It is the first Mother’s Day holiday on which Shahnaz has not received any gifts — Ali, her son, and Mansour, her husband, came home from work at sunset empty-handed because anxious shop owners in Tehran shuttered their shops. She says she’s simply glad that they are both safe, given the chants and screams coming from Tehran's streets.

“Poor mothers; poor children,” she lamented. “Don’t the Basij have parents, don’t they have children?” She was referring to the feared Iranian paramilitary force which originated as a student collective fostered by the Ayatollah Ruhollah Khomeini and which was key to the success of the 1979 revolution.

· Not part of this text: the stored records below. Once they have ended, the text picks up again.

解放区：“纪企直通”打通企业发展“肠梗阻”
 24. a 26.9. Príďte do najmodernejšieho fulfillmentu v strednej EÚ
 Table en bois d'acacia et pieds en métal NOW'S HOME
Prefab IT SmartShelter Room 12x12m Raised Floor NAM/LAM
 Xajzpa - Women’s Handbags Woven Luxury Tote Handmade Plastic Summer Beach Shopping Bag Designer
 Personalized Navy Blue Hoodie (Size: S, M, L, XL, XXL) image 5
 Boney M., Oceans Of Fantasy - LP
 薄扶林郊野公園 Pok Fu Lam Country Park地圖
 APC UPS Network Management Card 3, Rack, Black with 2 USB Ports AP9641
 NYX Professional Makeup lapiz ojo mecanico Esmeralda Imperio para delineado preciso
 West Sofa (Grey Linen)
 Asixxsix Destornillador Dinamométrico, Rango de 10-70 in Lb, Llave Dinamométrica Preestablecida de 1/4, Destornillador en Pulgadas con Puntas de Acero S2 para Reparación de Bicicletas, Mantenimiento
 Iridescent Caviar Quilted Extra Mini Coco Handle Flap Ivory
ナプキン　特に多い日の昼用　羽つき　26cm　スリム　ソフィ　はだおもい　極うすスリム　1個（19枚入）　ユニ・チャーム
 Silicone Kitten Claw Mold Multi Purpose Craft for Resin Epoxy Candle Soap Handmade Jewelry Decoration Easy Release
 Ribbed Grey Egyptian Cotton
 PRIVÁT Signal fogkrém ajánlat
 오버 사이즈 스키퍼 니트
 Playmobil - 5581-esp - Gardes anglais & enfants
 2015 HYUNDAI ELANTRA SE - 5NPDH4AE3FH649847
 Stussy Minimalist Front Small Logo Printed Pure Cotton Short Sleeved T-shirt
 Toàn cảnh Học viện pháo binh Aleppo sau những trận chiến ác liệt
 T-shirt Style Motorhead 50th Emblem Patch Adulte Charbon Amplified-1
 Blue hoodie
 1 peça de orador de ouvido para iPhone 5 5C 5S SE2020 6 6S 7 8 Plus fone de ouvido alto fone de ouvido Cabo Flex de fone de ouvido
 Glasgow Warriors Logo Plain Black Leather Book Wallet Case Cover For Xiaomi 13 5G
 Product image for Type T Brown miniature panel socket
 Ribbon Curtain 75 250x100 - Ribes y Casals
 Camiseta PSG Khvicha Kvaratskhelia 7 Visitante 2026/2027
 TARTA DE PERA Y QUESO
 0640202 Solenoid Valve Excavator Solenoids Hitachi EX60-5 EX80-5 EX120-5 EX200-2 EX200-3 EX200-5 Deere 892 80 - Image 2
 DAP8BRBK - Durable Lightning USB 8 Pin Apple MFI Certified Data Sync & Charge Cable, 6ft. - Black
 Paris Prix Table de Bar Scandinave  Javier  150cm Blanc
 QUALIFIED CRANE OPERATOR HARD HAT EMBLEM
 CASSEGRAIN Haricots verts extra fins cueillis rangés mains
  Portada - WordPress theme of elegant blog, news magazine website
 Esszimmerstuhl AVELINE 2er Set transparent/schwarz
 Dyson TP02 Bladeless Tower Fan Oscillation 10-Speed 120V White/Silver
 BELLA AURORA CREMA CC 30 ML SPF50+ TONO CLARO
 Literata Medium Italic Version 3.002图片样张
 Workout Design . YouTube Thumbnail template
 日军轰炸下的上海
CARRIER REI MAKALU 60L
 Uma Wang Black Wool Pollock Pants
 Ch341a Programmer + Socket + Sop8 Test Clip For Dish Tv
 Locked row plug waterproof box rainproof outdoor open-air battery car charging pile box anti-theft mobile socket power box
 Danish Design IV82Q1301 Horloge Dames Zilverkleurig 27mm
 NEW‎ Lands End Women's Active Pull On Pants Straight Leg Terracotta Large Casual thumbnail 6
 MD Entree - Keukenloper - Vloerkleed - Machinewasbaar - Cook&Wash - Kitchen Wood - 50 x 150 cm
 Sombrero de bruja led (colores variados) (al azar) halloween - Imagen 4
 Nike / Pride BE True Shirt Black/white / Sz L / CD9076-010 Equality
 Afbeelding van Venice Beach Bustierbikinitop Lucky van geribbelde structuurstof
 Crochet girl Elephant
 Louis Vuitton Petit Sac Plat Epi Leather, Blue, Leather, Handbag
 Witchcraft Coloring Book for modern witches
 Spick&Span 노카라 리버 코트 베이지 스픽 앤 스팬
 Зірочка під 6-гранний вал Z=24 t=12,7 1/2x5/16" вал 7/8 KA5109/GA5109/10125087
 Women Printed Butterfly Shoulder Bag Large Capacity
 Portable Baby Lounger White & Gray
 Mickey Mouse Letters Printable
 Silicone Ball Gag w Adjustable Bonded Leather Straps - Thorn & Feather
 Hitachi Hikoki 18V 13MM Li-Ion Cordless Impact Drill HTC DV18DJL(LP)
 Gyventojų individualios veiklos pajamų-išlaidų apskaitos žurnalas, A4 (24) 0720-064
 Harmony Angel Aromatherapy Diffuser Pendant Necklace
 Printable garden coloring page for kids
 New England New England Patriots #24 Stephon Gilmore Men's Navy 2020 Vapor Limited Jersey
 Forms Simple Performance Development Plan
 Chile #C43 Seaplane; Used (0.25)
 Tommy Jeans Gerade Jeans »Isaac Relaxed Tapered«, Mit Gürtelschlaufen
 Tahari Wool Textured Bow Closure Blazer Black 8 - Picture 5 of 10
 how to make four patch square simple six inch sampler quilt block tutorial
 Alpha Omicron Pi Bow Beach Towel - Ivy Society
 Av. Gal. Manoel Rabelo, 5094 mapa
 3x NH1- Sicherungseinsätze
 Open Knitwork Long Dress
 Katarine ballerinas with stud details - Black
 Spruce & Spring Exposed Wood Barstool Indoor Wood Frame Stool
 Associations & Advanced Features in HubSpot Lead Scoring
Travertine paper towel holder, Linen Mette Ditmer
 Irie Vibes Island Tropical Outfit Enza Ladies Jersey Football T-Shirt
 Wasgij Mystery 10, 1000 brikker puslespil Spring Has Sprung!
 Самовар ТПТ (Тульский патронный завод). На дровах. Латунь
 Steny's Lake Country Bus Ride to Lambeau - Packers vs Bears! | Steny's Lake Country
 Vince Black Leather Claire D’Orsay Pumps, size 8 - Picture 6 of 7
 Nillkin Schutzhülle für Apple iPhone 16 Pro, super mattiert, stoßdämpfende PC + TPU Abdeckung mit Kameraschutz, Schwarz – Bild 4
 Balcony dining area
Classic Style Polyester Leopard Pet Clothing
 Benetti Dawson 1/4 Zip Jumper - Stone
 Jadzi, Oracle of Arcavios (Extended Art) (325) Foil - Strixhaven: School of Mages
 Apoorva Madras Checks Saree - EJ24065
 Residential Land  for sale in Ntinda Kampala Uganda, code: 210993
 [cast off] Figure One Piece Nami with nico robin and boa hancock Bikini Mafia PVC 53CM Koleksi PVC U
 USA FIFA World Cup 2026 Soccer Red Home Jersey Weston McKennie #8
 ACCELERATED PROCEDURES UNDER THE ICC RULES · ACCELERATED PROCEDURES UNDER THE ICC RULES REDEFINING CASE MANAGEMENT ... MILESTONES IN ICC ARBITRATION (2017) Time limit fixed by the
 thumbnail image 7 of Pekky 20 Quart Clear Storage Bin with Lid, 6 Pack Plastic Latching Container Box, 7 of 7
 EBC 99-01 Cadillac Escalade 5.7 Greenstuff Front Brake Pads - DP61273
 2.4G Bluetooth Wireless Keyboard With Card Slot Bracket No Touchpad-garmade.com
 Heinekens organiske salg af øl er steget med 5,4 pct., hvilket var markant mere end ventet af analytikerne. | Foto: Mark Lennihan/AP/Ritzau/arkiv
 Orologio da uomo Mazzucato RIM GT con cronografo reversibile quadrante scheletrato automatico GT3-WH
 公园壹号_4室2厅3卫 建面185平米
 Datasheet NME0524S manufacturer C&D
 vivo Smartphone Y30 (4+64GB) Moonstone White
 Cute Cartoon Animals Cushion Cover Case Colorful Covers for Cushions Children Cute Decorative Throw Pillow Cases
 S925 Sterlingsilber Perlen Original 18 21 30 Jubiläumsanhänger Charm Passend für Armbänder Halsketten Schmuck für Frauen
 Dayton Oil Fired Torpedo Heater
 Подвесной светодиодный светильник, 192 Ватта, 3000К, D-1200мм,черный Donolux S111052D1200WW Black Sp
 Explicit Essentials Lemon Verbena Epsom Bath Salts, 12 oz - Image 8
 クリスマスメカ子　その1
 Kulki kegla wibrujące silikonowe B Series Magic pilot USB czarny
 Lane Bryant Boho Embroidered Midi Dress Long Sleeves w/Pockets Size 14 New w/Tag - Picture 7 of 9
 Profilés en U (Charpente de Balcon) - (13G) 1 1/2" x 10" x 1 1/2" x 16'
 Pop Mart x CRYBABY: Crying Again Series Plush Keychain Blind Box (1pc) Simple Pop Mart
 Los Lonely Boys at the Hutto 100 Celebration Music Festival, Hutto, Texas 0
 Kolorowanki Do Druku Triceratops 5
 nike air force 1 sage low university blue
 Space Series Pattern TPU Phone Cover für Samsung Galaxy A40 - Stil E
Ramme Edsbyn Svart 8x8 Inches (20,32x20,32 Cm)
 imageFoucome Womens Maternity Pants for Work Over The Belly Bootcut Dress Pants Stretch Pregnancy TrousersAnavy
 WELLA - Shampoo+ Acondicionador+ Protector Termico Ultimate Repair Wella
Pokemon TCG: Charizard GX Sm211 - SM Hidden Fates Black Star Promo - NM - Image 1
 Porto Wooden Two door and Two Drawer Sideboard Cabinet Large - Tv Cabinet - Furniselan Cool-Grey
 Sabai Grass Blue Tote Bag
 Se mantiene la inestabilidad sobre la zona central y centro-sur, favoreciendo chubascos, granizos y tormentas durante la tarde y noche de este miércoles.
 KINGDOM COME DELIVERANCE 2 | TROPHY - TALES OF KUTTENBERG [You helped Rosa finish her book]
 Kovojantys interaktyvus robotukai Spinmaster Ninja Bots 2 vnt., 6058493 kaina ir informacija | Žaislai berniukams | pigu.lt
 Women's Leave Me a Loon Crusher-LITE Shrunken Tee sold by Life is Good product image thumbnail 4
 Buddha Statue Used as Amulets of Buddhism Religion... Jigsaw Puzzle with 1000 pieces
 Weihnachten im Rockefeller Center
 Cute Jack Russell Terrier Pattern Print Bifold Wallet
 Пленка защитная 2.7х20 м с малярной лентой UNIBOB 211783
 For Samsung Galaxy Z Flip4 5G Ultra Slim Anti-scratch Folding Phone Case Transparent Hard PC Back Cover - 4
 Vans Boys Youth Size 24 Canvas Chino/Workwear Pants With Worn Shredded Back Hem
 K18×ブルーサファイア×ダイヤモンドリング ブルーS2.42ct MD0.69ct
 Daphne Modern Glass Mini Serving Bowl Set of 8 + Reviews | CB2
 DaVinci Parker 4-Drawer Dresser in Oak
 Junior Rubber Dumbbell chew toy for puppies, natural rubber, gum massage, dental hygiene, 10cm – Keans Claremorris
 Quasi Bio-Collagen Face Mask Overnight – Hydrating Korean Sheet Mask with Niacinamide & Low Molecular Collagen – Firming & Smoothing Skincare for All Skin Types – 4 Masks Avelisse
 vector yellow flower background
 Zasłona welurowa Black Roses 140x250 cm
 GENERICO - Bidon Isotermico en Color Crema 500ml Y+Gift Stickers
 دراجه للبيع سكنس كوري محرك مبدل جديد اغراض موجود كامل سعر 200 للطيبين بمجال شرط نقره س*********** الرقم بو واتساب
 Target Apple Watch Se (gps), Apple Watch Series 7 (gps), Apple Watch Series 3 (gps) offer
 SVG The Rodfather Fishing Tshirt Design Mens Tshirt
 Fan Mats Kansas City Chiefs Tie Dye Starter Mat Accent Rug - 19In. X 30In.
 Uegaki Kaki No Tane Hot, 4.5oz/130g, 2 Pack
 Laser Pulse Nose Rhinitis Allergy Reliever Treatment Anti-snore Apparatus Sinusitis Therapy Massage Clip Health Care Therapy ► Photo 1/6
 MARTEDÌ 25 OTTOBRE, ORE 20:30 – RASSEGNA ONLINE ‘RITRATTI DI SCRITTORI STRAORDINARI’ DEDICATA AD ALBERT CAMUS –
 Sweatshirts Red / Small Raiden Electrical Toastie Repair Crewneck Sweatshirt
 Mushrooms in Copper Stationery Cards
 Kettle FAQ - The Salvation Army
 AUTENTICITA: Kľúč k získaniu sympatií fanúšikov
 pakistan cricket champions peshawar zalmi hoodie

The mothers and children of Narmak — the lower-middle class district where Ahmadinejad famously has his residence — have so far been spared violence, but they’ve also not seen the victory celebrations that pro-Ahmadinejad newspapers and state broadcasters have claimed are taking place.

The Hosseinis, like many in their area, voted for Ahmadinejad after days of discussing their thoughts about the country and the candidates. They belong neither to the segment of the president’s voting bloc that was instructed to cast their votes for him, nor the underclass portion of the populace overjoyed by the president’s coarsest displays of populism.

However many ballots were coerced or falsified, there are a significant number of Iranians who cast their ballots for Ahmadinejad voluntarily and with a clear conscience. And they are now beginning to question their own judgment.

“I saw Ahmadinejad as someone who would defend the revolution,” Mansour said.

The lives of the Hosseini family changed dramatically after the events of 1979. Mansour benefited considerably from the forced post-revolutionary redistribution of money and privilege: As the son of factory workers, his rise, through war-time connections made during military service, to a civil service desk job at the Tehran company amounted to a significant achievement. But, his rise stopped there: He could not afford a down payment on a nicer apartment; his son works around the clock at a real estate agent’s office, but still cannot afford his own place to live.